The U.S Navy in order to cope up with these shortcomings is looking towards new technology, and a new strategy has been devised to deal with these shortcomings and is called ‘dispersed lethality.’ The strategy focuses on newly acquired technologically advanced weapons along with sensors that increase offensive reach.12 In layman’s terms ‘dispersed lethality’, is a coordinated attack of multiple platforms from multiple directions on multiple targets. The new direction taken by the U.S Navy may not take into consideration that technology is a game of cat and mouse. If the U.S. makes a supersonic missile (Mach 4), one can expect the Russians and the Chinese to come up with technology to deal with the threat. Dispersed lethality is an operational concept which gives surface forces priority over carrier groups and balances reductions as envisaged in the NNN under the National Defense Strategy. Aircraft carrier strike groups which have always been at the forefront of power projection, cannot be substituted with Surface Action Groups without freeing up ships protecting the Aircraft carrier. The strategy needs to be reworked according to the experts. While the U.S Navy has a technological advantage, it cannot be the only basis to get over the depleting fleet problem. Dispersed Lethality needs additional force, which means more ships.

If the U.S Navy is serious about dispersed lethality it would mean pulling out the aircraft carriers to make way for Surface Action groups in the first island chains.13 The dilemma regarding the strategy would remain. The current state of the U.S navy’s fleet raises the question of US standing its ground in the Indo-Pacific region and sustain its commitments to its defence partners and formal allies in the face of growing Chinese transgressions in the South China Sea.


The challenges faced by the U.S Navy might be the reason why Quad has been reactivated after lying dormant for over a decade. The Quad some believe, would together counter the rising Chinese challenge to the rule-based order in the Indo- Pacific. An important question, however, is whether the U.S can hold up its part of the security commitments it has made in the region given its depleting naval forces. The U.S would like the Quad to be active in order to ensure that the navies of Japan, India and Australia bridge the gap. But the Quad is far from being an alliance, and is yet to develop into a strong cooperative forum.

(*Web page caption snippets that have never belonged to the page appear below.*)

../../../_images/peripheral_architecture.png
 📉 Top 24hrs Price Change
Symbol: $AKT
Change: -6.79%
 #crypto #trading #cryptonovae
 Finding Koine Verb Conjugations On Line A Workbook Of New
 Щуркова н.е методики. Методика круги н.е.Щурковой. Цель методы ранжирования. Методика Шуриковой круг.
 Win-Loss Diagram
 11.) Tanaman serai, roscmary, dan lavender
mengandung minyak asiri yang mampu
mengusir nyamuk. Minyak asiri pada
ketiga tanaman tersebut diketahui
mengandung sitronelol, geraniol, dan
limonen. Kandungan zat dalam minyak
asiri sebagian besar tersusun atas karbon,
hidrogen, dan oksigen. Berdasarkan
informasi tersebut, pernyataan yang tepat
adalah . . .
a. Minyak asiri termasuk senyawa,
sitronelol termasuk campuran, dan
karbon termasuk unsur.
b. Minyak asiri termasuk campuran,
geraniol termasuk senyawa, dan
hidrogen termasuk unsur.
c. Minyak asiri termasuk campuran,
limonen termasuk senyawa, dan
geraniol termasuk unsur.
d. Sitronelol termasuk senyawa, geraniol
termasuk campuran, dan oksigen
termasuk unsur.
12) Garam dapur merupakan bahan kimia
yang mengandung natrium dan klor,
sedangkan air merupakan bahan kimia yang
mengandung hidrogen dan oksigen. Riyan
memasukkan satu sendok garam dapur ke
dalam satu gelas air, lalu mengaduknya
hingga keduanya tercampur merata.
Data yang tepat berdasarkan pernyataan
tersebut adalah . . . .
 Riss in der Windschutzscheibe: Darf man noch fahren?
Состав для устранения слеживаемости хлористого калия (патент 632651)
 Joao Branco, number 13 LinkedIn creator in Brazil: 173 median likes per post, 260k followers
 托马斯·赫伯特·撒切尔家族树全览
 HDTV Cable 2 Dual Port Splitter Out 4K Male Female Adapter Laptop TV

On Quad, analysts have two distinct theories about the 4-nation security dialogue. The optimistic perspective about the prospects of Quad, on the ground that it would help countries involved to make China more restrained and reasonable. The skeptical view is of Quad’s demise, if it takes shape as a new military alliance. For one, India may not be ready for such a collective alliance as of now. India is also the only member to share a long and disputed land boundary with China, and has never had any foreign military presence. Washington, however may to consider inter-operability between the Indian, Australian and the Japanese navies. However, the recent meeting of the Foreign Ministers of the four nations bodes well for the group’s growing importance.